È l’unica serie non associata a un altro artista, perché concepita essa stessa come un’installazione che restituisce la circolarità rappresentata dalle immagini. Un dettaglio, questo, che farà impazzire i collezionisti che inseguono i “pretini” nelle aste dove Giacomelli è sempre più presente. Chissà che non ci sia un pretino introvabile della collezione, un raro, un super raro, come nelle migliori raccolte di figurine.

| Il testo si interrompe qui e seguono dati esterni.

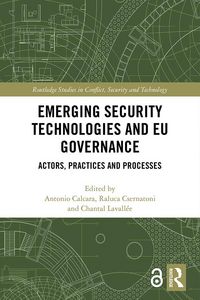 Produktbild: Emerging Security Technologies and EU Governance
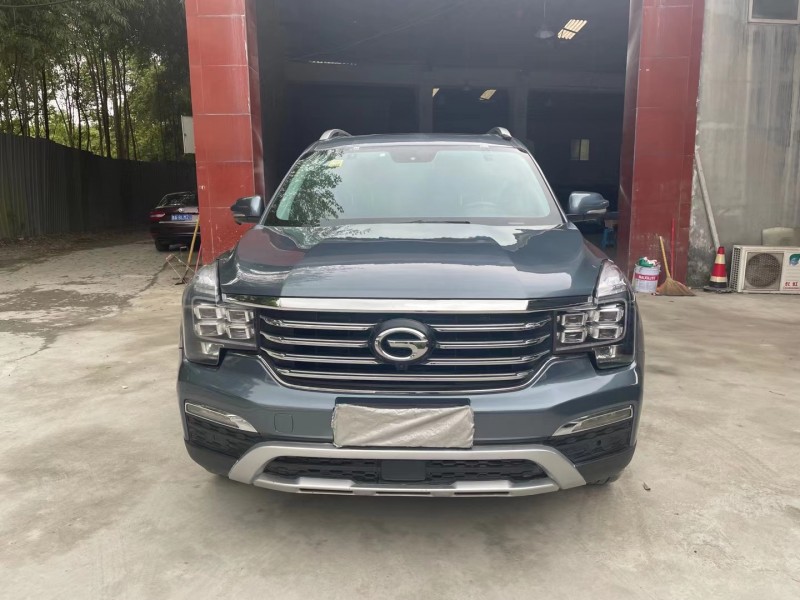 成都17年传祺GS89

Tutte le altre serie in mostra sono messe a confronto con artisti contemporanei, anche per associazioni successive alla realizzazione delle opere, frutto di una riflessione dei curatori. E così Jannis Kounellis è affiancato alle serie Verrà la morte e avrà i tuoi occhi, E io ti vidi fanciulla, Lourdes e Mattatoio, dove una realtà dolorosa – la malattia, il dolore, la pietà popolare, la morte – costituisce il punto di partenza. Sebbene sia stato indagato da molti Giacomelli eleva certamente il linguaggio fin dove nessun contemporaneo si è mai spinto. Così, secondo i curatori, in Kounellis la materia reale è sublimata fino a una dimensione spirituale e simbolica. Allo stesso modo, più avanti, i paesaggi di Presa di coscienza sulla natura (celebre serie di Giacomelli), Metamorfosi sulla terra e altre sono affiancati all’opera Tetto di Burri per un dialogo sul rapporto tra la materia e il sogno, tipico di molte ricerche artistiche.
C’è da chiedersi se queste associazioni siano accessibili a un pubblico non specializzato. Manca infatti un elemento di maggiore comprensione della scelta: come avviene con Burri, anche con gli altri artisti servirebbe una nota che renda comprensibile non tanto l’arte contemporanea – sulla cui comprensibilità abbonda l’ironia – quanto l’associazione con le opere di Giacomelli.
È una mostra accessibile? Che magica questa parola: non è accessibile solo ciò che è tradotto in pannelli a rilievo o audiodescritto, perché i limiti sono spesso culturali ed educativi. E dunque è accessibile questa mostra? È comprensibile a chi non sa chi sia Kounellis, a chi non lo conosce? O forse glielo insegna attraverso testi semplici, di linguaggio comune? Forse no, ma è vero anche che non è obbligatorio che lo sia. E poi, come diceva Giacomelli, “A me meraviglia quella gente che ha capito tutto. Tu vedi oggi gente che ha capito tutto di tutto ed è ancora tanto giovane. A me sembra di essere non più tanto giovane e non aver capito niente”.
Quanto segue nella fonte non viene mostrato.